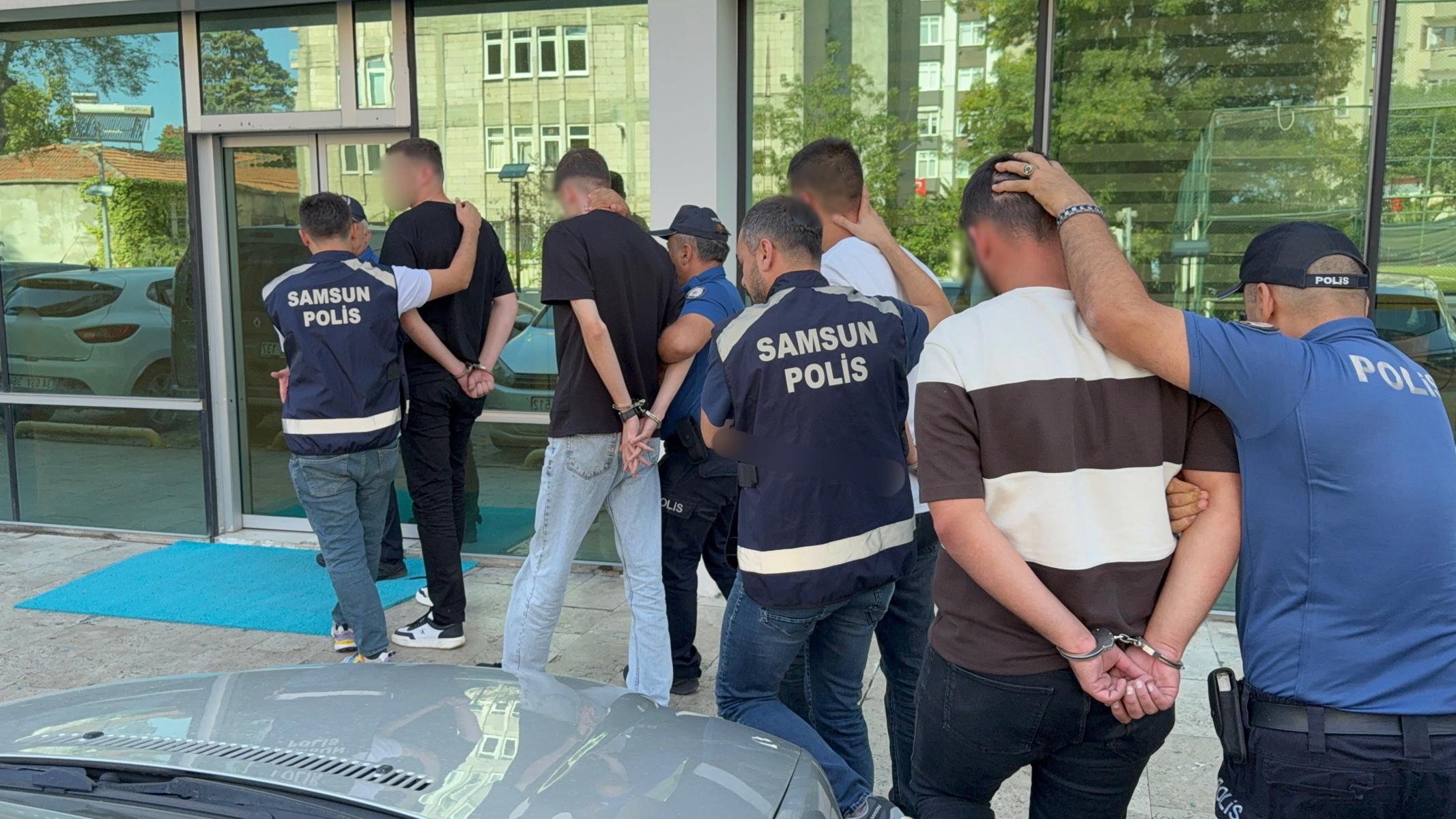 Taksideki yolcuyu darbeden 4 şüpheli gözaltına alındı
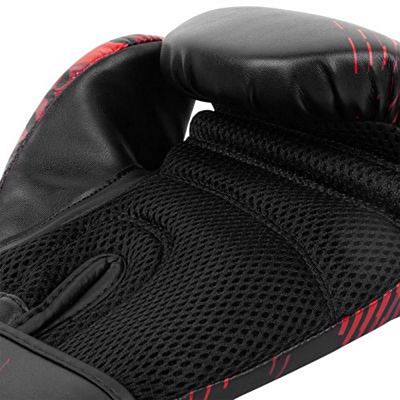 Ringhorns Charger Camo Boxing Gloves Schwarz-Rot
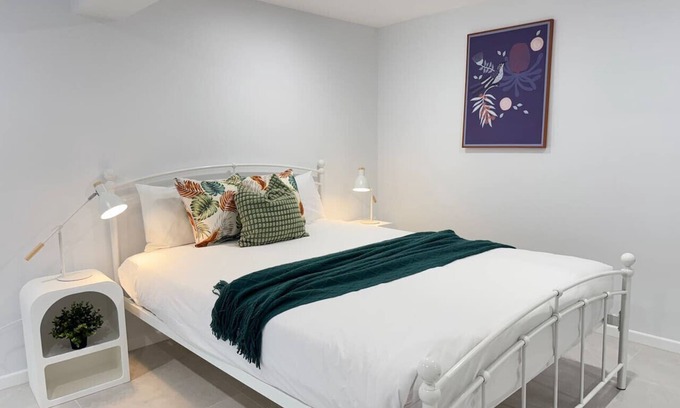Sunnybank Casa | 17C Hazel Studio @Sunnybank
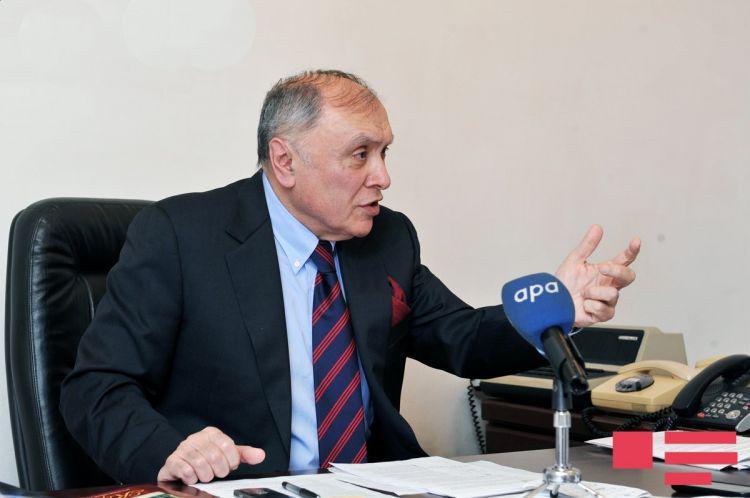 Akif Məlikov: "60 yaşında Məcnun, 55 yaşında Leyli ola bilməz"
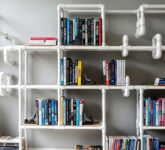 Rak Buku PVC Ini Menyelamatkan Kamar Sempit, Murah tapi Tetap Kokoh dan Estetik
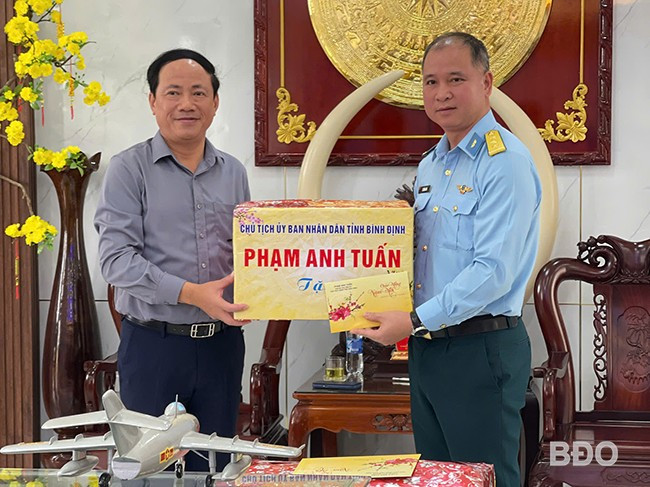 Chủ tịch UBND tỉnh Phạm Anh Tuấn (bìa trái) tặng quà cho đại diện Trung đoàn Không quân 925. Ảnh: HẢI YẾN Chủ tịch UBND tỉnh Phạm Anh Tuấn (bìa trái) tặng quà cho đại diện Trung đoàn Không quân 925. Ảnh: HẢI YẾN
* * *
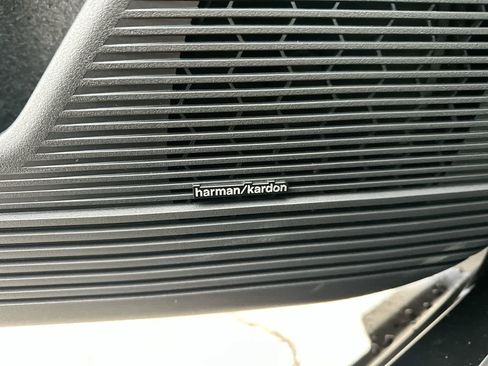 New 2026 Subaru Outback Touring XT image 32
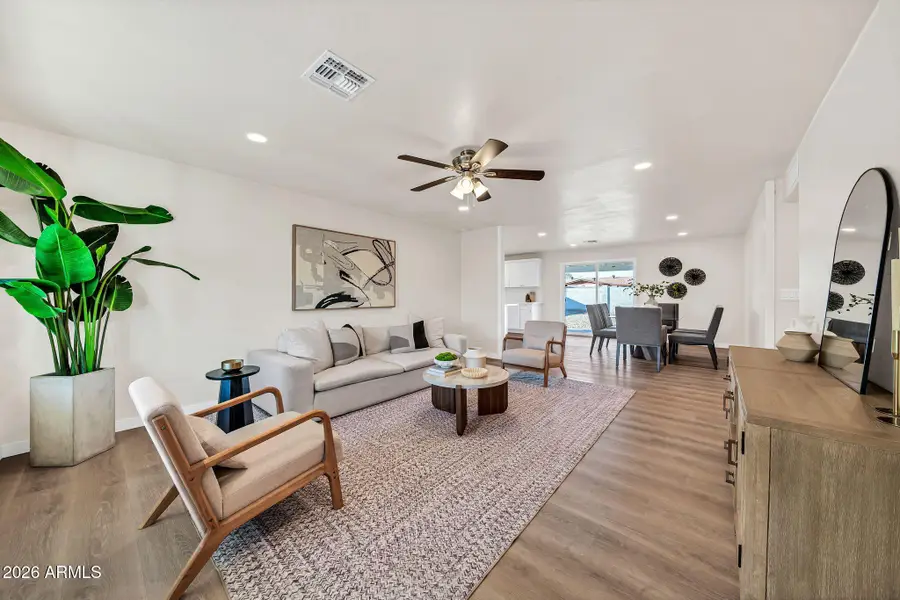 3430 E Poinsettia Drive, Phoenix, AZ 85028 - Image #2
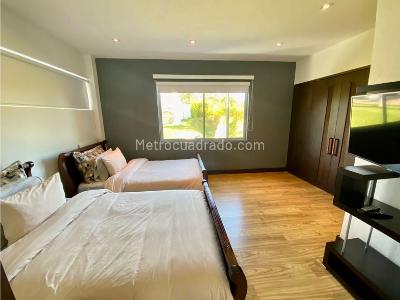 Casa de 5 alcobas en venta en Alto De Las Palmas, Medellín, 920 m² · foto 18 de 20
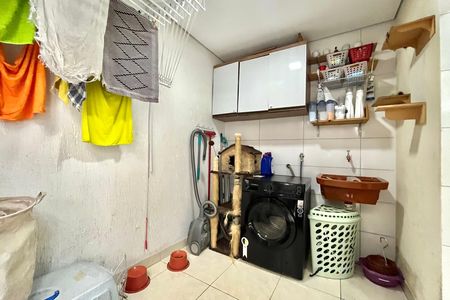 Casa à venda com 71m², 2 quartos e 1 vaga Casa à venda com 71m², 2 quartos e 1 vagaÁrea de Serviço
* * *
§ **TASK INSTRUCTIONS**
The answer should consist only of the lines above from the one with "New 2026 Subaru Outback Touring XT image 32" through the one with "Casa à venda com 71m², 2 quartos e 1 vaga Casa", repeated exactly, with no pictures among them.

§ **SOLUTION FOR THIS EXERCISE**
 New 2026 Subaru Outback Touring XT image 32
 3430 E Poinsettia Drive, Phoenix, AZ 85028 - Image #2
 Casa de 5 alcobas en venta en Alto De Las Palmas, Medellín, 920 m² · foto 18 de 20
 Casa à venda com 71m², 2 quartos e 1 vaga Casa à venda com 71m², 2 quartos e 1 vagaÁrea de Serviço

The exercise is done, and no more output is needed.